Supervised machine learning applied to gas leak detection in air conditioner cooling system
Author(s) -
Sofia Moreira,
Vaibhav Shah,
Leonilde Varela,
Ana Paula Monteiro,
Goran D. Putnik
Publication year - 2021
Publication title -
iop conference series. materials science and engineering
Language(s) - English
Resource type - Journals
eISSN - 1757-899X
pISSN - 1757-8981
DOI - 10.1088/1757-899x/1174/1/012008
Subject(s) - refrigerant , leakage (economics) , air conditioning , leak , leak detection , machine learning , computer science , artificial intelligence , process engineering , automotive engineering , engineering , environmental science , gas compressor , mechanical engineering , environmental engineering , economics , macroeconomics
This paper aims to present a concept test for an alternative refrigerant gas leak detection method, to be used in air conditioning manufacturing processes, in order to increase confidence in retaining products with gas leak in the factory, minimizing human interference in the test.
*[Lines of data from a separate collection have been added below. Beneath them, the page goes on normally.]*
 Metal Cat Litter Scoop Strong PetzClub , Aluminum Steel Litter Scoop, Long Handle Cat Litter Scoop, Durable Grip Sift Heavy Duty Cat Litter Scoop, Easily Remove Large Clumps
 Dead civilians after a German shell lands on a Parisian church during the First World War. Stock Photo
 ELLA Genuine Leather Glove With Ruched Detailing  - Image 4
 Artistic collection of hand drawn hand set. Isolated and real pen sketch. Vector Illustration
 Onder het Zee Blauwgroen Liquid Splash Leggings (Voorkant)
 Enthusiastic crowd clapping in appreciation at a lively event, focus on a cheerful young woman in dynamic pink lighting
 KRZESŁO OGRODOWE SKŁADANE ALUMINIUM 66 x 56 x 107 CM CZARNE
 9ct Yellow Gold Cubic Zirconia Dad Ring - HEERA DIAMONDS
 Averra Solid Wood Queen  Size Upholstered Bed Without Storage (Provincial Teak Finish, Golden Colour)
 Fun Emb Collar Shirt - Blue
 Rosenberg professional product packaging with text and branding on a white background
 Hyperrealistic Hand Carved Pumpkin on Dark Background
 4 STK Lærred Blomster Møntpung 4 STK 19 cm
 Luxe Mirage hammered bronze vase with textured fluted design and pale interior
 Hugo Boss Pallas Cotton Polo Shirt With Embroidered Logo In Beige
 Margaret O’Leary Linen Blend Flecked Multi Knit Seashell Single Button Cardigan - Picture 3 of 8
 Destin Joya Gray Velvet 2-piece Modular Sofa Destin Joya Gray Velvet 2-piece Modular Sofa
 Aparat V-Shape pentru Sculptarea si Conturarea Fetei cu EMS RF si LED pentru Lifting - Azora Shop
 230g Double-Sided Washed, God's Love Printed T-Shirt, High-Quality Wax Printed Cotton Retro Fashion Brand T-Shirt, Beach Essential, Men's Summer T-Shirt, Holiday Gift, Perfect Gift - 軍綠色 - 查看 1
To analyse the proposed solution, experimentation cycles were conducted, involving variables of industrial environment, product, and a thermographic camera with infrared technology, responsible for collecting the thermal image of the leak study area. Supervised machine learning method was used to train algorithms on temperature dataset to classify an area either as “Gas leakage” or “Normal”. The regression logistic algorithm had the best performance in the predictions, showing that it is possible to detect “Gas leakage” area in automatic decision-making in an industrial environmental.